I suppose I could revert back to the old selection model, or add an edge case where clicking on a line segment selects the whole shape if it consists of only two points. The current system would make more sense if there were more things you could do with selected points besides just moving them around with the arrow keys.
Either way, thanks for reporting this. If you catch any more problems, please log them in https://github.com/artursapek/mondrian/issues. :)
Not terribly impressed so far, but then again, I'm not a designer or an artist and I manage to write SVGs that fail in various renderers due to implementation deficiencies. But those I tested were not even complex or used advanced features.
At the moment I'd guess this is aimed at the most trivial vector graphics possible, i.e. only basic shapes, stroke and fill. It might work for that, but that's well beyond what I use of SVG or Inkscape usually.
That said, if you opened issues on Github describing how to lock it up in Firefox and IE, and listing those SVG features that it doesn't render, that would be very helpful. Cheers.
Ugh, this entire thing is in coffeescript too, now I have to learn coffeescript to make sense of this library.
Artur really did a nice job with structuring this project...
There really is very little magic with coffeescript. Most of it is syntactic sugar which can be learned at a glance of: http://coffeescript.org/ .
This reminds me of a really funny bit Louis CK does about wifi on an airplane. https://www.youtube.com/watch?v=KpUNA2nutbk#t=234
Basically, the punchline is how ridiculous it is that some people can believe they're entitled to something being a certain way, that they didn't know even existed until a few minutes ago.
"Ugh, this really cool library isn't written in something I already know. What an asshole for doing that."
You mean the entire thing is noise free an easily readable, I agree.
And it's great when someone tries to makes the learning process easier, and even better when they open source it.
A few feature requests: having the shift-c tool (convert anchor point, I think) and being able to delete anchor points would be great. Much harder to work without that. Saving also didn't work the first several times I tried (but great to see auto-saving to ¿localStorage?)
The Maven Pro font appears to be infinitely thin at weight 300, it only starts being readable at 120px+. It doesn't have a version for that weight, so the browser is [failing at] simulating that.
One thing that would really stand out would be an 'infinite zoom' I've seen implemented elsewhere.

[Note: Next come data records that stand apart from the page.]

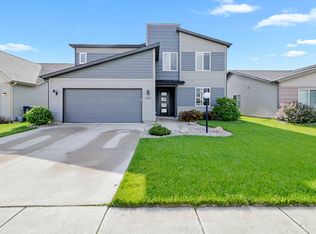 3209 Stanley Ln, Champaign, IL 61822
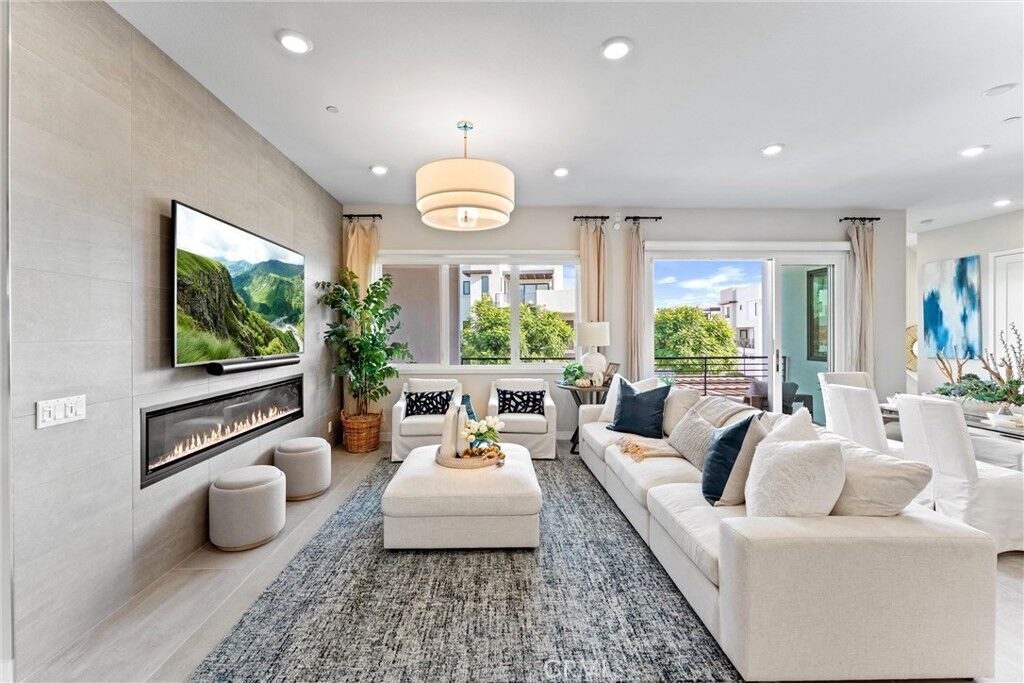 Property Photo: 419 Transport CA 92782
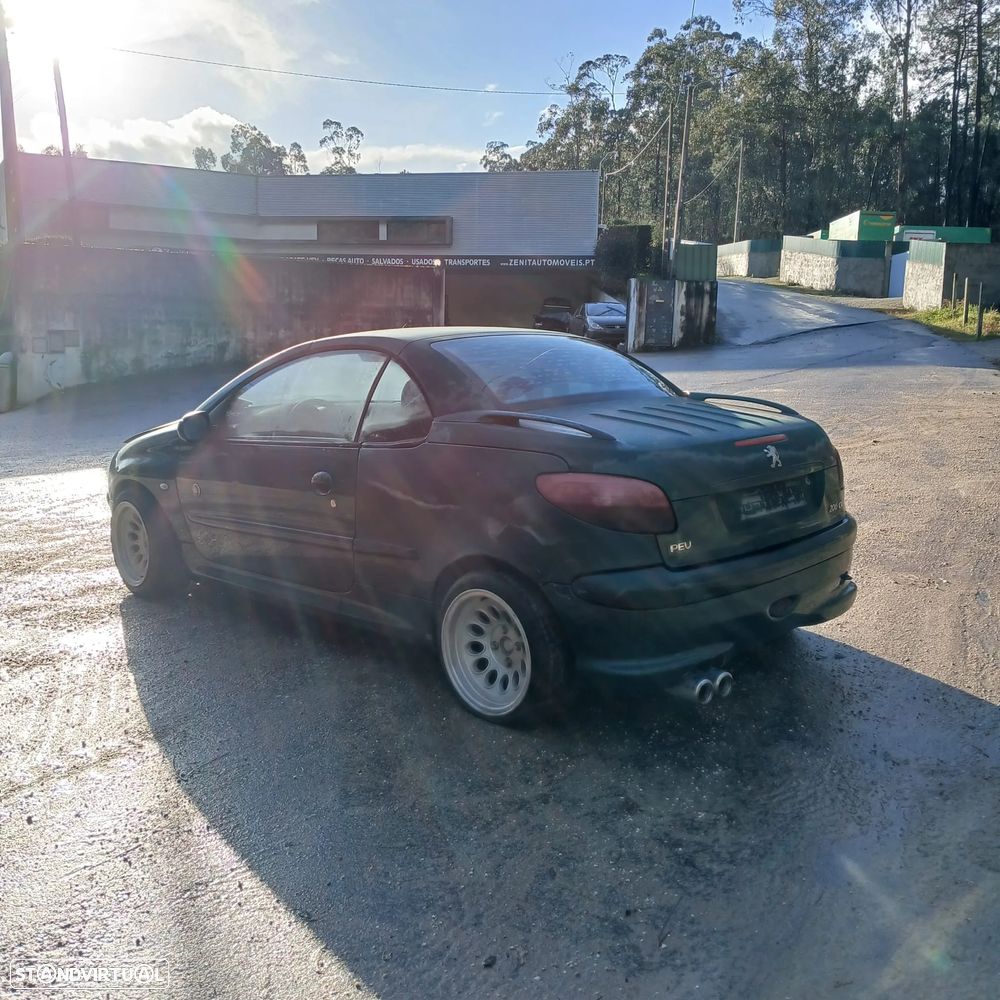 Peugeot 206 CC 1.6 de 2004 - Peças Usadas (10307) - 3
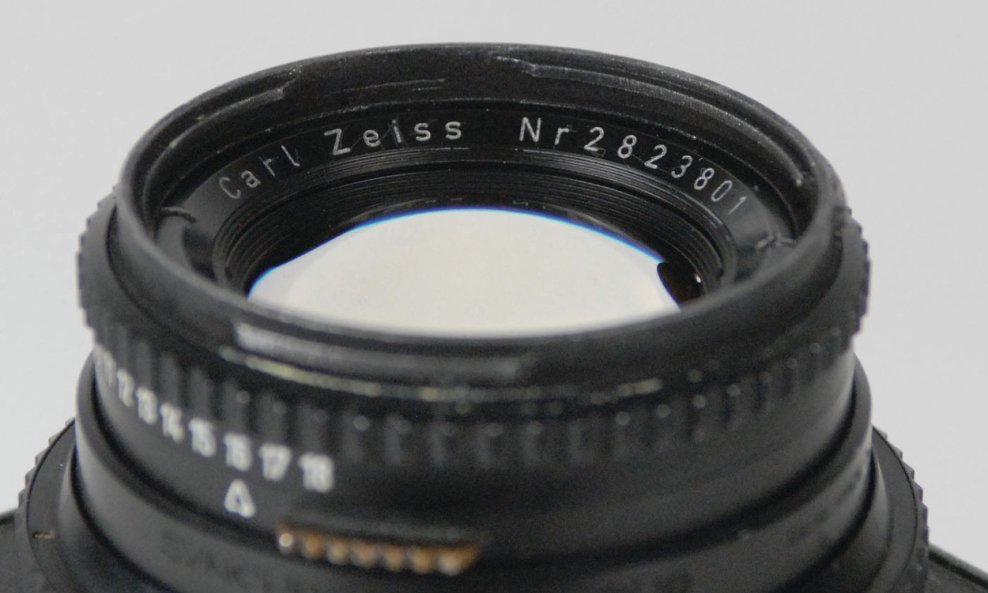 Zeiss optika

- how do I add and delete points on a path?
- how do I change the node type? Eg, if there are no handles, how do I get handles (antlers I think you call them in the code).
- How do I go from colinear handles to "broken" handles: handles that form an angle at the node, so I can have two different curves joined at an acute angle at one node?
- How do I do intersections, unions, groups, layers, etc?
But I gotta say it again, it's really beautiful...
Both are really cool online tools though.
Do users draw or write using figure or e-pen?
AI, like PSD, is proprietary and unfriendly to developers because Adobe's software is really complex (and they don't want to share the market). I want to write a small backend that uses one of several AI->SVG converters out there so people can use AI files in Mondrian. Unfortunately I haven't had time yet.
I'm sick of comments like this constantly polluting HN's community with negativity.
I'm sick of people being sick of this stuff.
Some people just lack tact.
I like it works with Dropbox
It's a very very basic vector editor that doesn't even let you rotate things, import any standard vector formats (SVG, EPS, AI, PDF), have dotted outlines, distort, curve the text, etc etc etc.
I understand it was a lot of work, and you did a great job, but let's not pretend this implements even 1% of Illustrator.
2) Select the rotate tool (whose icon is the universal symbol for "rotate" that can't possibly be confused with anything else)
3) Click once to define an origin
4) Click and drag to interactively rotate about that origin.
This is how the Illustrator rotate tool has worked since, literally, Illustrator 1.0.